Step 1: Upload an OVA to S3 bucket.
Step 2: Create trust policy
Step 3: Create role policy
Step 4: Create containers.json with bucket name and ova filename.
Step 5: Run command for import-image
Command: aws ec2 import-image --description "My Unique OVA" --disk-containers file://containers.json
Step 6: Get the "ImportTaskId": "import-ami-fgi2cyyd" (in my case)
Step 7: Check status of import task
Error:
C:\Users\joe>aws ec2 describe-import-image-tasks --import-task-ids import-ami-fgi2cyyd
{
"ImportImageTasks": [
{
"Status": "deleted",
"SnapshotDetails": [
{
"UserBucket": {
"S3Bucket": "my_unique_bucket",
"S3Key": "my_unique_ova.ova"
},
"DiskImageSize": 2871726592.0,
"Format": "VMDK"
}
],
"Description": "My Unique OVA",
"StatusMessage": "ClientError: GRUB doesn't exist in /etc/default directory.",
"ImportTaskId": "import-ami-fgi2cyyd"
}
]
}
What am I doing wrong? I am on free-tier trying things out.

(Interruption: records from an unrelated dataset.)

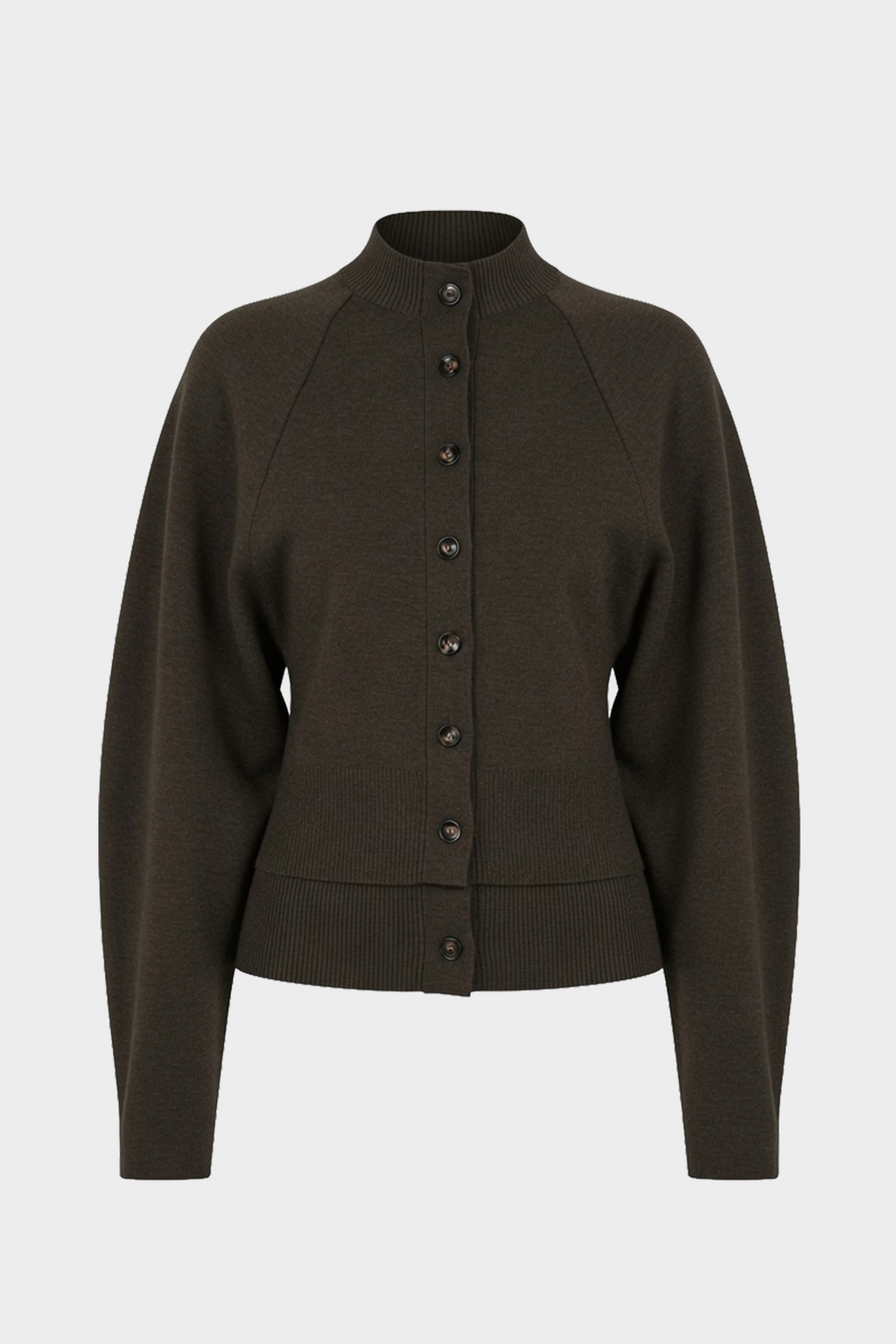 Hunter green merino knit cardigan front with high neckline and button placket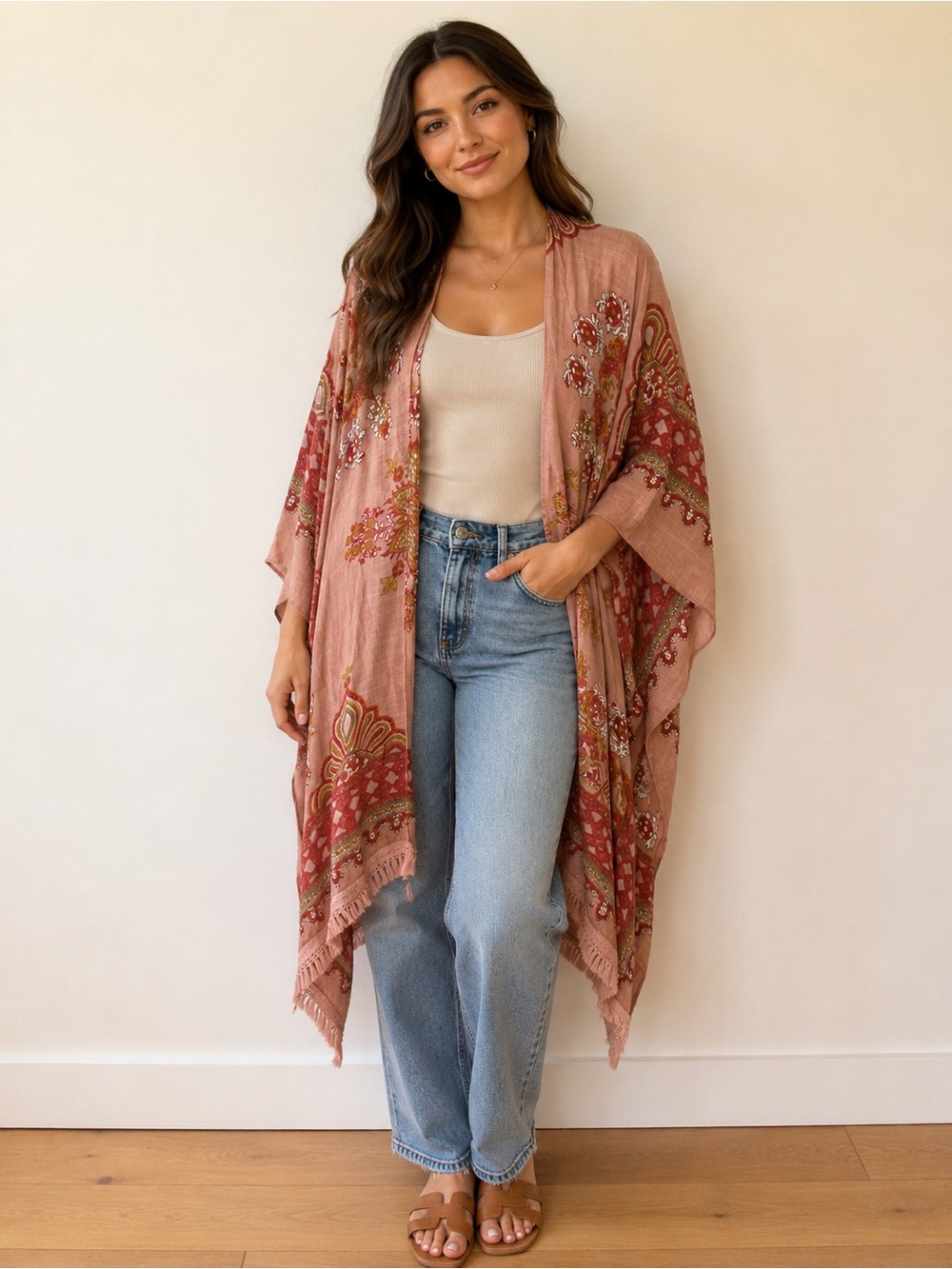 Cost Plus World Market Mauve Pink Floral Kimono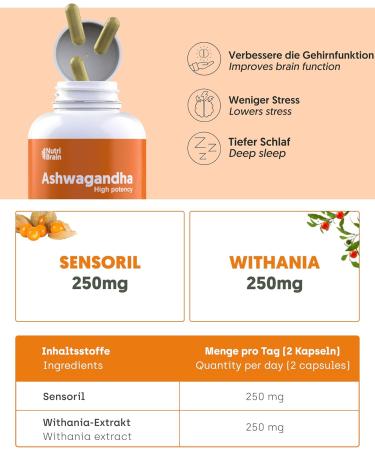 Ashwagandha Capsules - High Dose Double Concentration KSM-66 | Enhance Energy & Sleep | Sensoril Adaptogen Nootropic - 4-Month Supply - Buy Online on GoSupps.com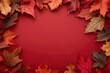 © MUdaylah - Autumn frame border of maple leaves on red background. Happy Thanksgiving Day, Halloween, Harvest concept with generative ai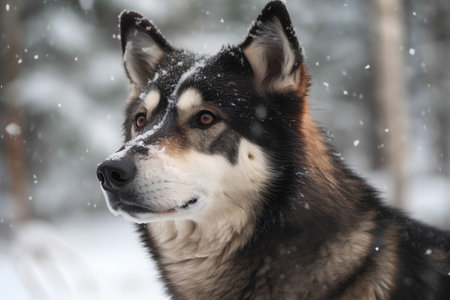 Portrait of Alaskan Malamute in the snowy forestの素材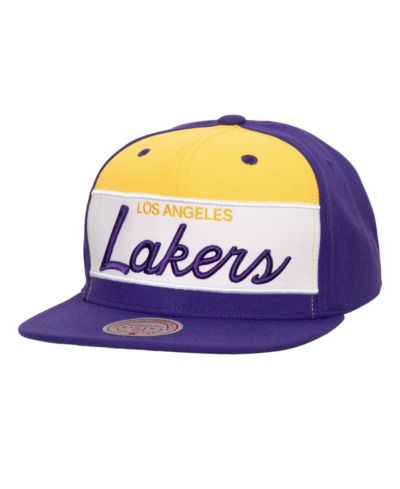 Мужская кепка Mitchell & Ness Los Angeles Lakers Retro Sport Colorblock Script Snapback Hat, White, Purple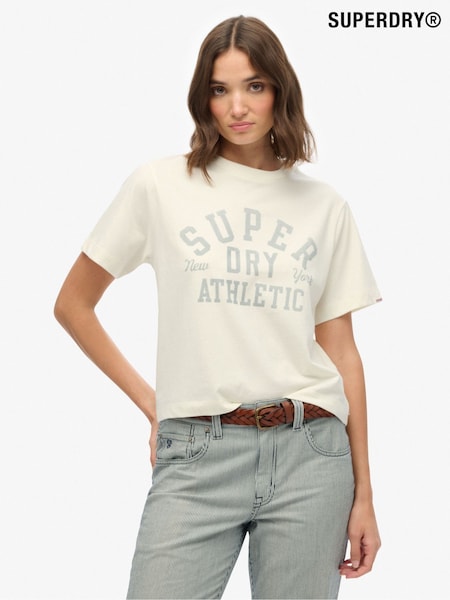 Superdry Cream Athletic Essentials Loose T-Shirt (H13182) | €38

Contents of containers.json:
[
{
"Description": "My Unique OVA",
"Format": "ova",
"UserBucket": {
"S3Bucket": "my_unique_bucket",
"S3Key": "my_unique_ova.ova"
}
}]
The ova file was corrupted in my case. Tried it with a smaller ova and it worked fine.
Alright, figured it out. The problem I ran into, which I assume will be the case with yours as well is that you probably aren't using a grub loader but rather the lilo loader. I was able to alter the boot loader by going into the gui (startx) and going under system configuration. Under the Boot menu I was able to switch from lilo to Grub. Once I did that, I got further in the ec2 vm import process. Hope that helps.